For the material below, output exactly the span from the line with "103 Otter Pond Trl - Photo 12" to the line with "Small Image of", including both, and nothing besides.
------ Records for this task
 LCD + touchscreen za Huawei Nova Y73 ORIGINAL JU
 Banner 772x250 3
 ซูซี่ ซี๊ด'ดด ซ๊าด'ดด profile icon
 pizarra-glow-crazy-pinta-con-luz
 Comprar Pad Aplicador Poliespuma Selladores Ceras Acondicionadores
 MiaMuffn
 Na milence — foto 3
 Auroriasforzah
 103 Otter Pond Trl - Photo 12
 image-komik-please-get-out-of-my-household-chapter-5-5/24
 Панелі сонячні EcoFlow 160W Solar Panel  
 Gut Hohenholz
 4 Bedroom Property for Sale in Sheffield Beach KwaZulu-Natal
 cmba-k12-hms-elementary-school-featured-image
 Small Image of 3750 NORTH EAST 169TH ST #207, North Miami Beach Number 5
------------
------ Records for this task
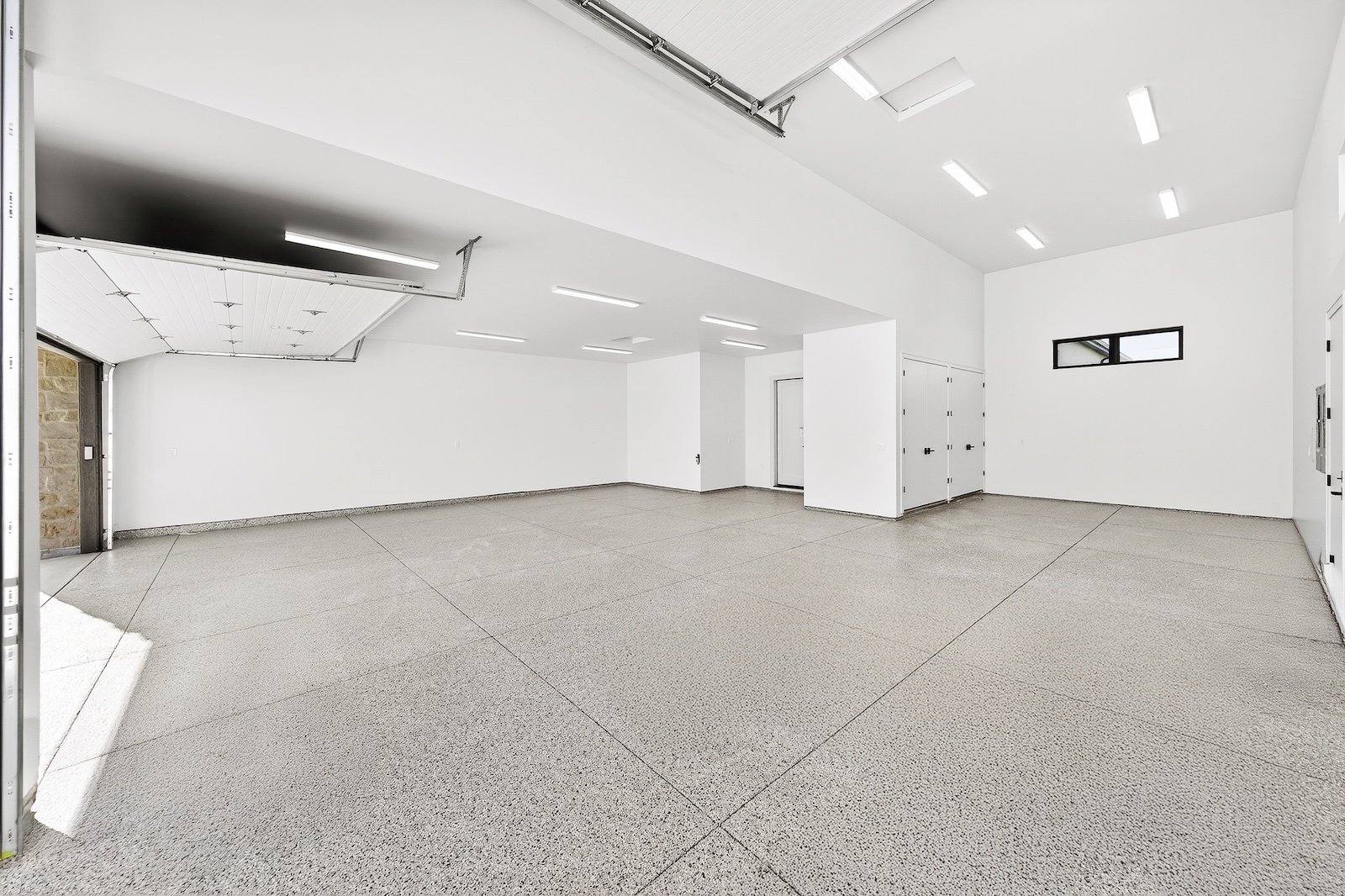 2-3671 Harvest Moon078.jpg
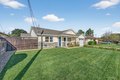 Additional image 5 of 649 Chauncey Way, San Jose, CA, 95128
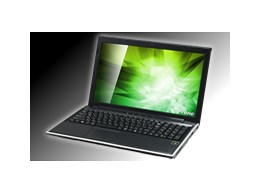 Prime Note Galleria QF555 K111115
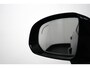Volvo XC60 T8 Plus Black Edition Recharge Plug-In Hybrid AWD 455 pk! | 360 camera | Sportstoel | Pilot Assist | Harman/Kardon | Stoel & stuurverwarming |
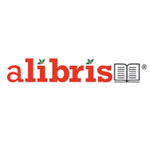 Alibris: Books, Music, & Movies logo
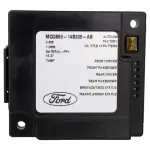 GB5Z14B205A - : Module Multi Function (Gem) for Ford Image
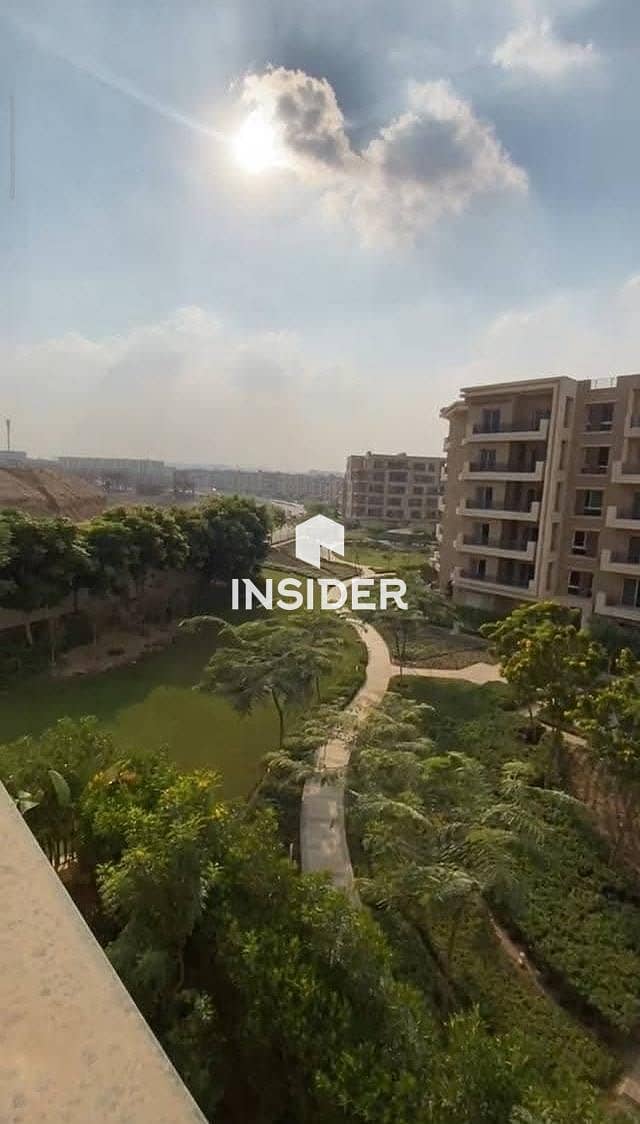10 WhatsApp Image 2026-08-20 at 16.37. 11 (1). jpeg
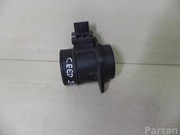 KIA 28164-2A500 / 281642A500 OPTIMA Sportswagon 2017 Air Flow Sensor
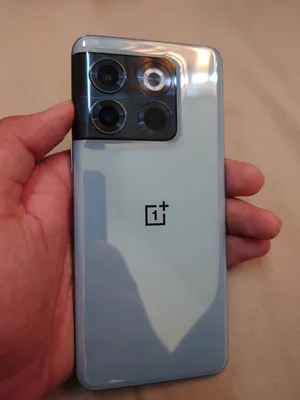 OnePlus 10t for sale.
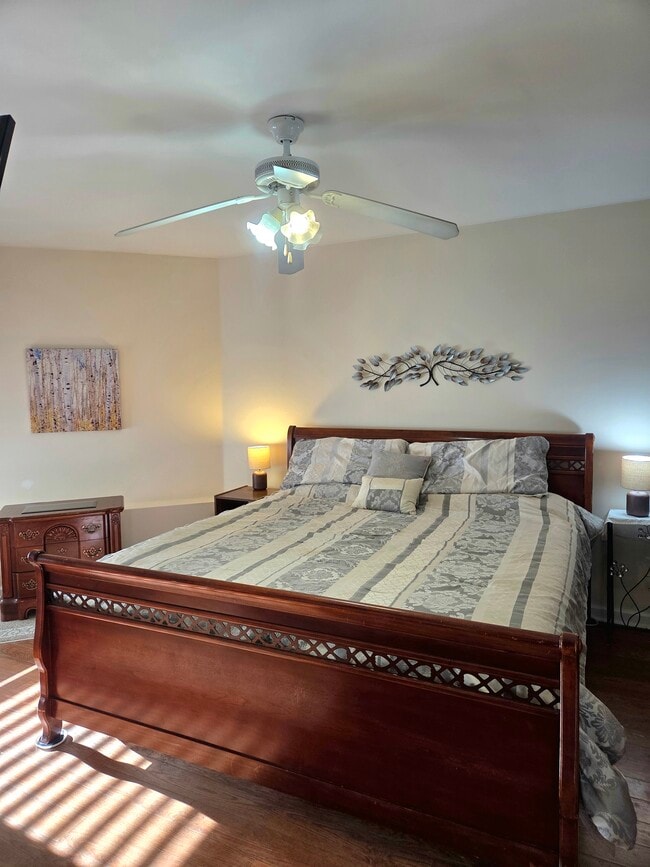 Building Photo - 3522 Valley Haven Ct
------------
→ **Solved exercise**
 103 Otter Pond Trl - Photo 12
 image-komik-please-get-out-of-my-household-chapter-5-5/24
 Панелі сонячні EcoFlow 160W Solar Panel  
 Gut Hohenholz
 4 Bedroom Property for Sale in Sheffield Beach KwaZulu-Natal
 cmba-k12-hms-elementary-school-featured-image
 Small Image of 3750 NORTH EAST 169TH ST #207, North Miami Beach Number 5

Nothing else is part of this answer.